* AIM OF THE EXERCISE
Take each line below that has "para" and copy it.

* TASK DATA
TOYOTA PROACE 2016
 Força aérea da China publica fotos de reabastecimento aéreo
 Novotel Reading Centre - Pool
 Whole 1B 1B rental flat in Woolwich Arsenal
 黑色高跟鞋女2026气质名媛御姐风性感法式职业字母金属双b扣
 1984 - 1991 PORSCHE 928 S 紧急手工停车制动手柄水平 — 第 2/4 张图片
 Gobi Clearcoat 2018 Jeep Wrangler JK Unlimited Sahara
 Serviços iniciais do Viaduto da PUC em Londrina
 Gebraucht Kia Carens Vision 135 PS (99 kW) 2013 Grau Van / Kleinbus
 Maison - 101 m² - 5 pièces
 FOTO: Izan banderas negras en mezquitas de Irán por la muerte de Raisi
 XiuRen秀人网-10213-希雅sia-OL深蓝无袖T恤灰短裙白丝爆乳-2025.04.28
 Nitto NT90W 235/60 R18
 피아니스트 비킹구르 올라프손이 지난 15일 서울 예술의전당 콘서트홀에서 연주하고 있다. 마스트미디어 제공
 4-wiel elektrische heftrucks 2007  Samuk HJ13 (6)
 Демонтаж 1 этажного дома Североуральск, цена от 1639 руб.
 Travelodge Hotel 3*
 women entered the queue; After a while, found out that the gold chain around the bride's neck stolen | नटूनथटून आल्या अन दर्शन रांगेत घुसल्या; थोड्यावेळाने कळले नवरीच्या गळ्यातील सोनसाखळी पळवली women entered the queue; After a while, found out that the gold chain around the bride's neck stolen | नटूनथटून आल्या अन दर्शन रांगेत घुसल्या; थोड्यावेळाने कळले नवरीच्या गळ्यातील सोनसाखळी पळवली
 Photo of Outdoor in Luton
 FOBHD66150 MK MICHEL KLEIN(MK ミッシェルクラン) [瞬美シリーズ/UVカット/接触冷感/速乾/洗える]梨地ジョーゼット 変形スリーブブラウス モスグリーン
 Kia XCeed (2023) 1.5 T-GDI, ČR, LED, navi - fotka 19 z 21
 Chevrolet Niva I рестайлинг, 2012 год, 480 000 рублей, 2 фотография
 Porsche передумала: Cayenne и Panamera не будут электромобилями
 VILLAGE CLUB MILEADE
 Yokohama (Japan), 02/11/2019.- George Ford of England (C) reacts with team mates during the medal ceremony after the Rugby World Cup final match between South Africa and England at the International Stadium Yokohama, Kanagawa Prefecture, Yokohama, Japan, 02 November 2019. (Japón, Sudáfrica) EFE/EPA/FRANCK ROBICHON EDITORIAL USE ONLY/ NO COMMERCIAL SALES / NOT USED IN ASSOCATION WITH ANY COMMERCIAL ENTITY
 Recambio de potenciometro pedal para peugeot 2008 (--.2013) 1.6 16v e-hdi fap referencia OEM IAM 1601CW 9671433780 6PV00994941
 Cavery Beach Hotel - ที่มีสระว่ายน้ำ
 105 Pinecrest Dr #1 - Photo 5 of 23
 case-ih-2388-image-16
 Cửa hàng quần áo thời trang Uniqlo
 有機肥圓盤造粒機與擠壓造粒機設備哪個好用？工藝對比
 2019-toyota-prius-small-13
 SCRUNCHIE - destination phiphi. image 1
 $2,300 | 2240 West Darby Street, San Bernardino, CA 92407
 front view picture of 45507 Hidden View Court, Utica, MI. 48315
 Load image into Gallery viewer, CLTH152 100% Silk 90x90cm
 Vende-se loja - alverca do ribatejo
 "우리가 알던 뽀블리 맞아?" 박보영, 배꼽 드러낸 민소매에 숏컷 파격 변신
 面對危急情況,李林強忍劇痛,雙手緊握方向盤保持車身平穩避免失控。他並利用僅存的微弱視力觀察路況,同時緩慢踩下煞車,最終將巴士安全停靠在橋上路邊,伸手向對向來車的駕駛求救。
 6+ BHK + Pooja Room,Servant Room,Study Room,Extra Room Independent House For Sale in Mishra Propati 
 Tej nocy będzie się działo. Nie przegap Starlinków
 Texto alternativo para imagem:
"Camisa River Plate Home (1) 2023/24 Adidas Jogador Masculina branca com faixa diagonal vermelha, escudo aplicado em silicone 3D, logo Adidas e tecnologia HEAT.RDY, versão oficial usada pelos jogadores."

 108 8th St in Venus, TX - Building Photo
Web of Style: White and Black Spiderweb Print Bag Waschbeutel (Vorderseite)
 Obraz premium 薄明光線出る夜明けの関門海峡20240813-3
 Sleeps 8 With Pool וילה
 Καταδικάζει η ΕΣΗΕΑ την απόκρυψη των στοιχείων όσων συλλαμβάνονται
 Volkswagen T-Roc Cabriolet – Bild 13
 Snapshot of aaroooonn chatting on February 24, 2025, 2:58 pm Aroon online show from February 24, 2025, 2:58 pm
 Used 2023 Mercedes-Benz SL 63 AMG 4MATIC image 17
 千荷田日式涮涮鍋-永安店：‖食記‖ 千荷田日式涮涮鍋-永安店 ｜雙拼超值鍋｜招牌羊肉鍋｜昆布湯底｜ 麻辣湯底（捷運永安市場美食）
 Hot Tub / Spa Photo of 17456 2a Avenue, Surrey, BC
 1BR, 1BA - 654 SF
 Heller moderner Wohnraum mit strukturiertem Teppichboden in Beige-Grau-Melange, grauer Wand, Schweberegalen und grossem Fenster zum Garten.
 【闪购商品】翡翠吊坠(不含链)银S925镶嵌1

* REPLY TO THE EXERCISE
 Recambio de potenciometro pedal para peugeot 2008 (--.2013) 1.6 16v e-hdi fap referencia OEM IAM 1601CW 9671433780 6PV00994941
 Texto alternativo para imagem:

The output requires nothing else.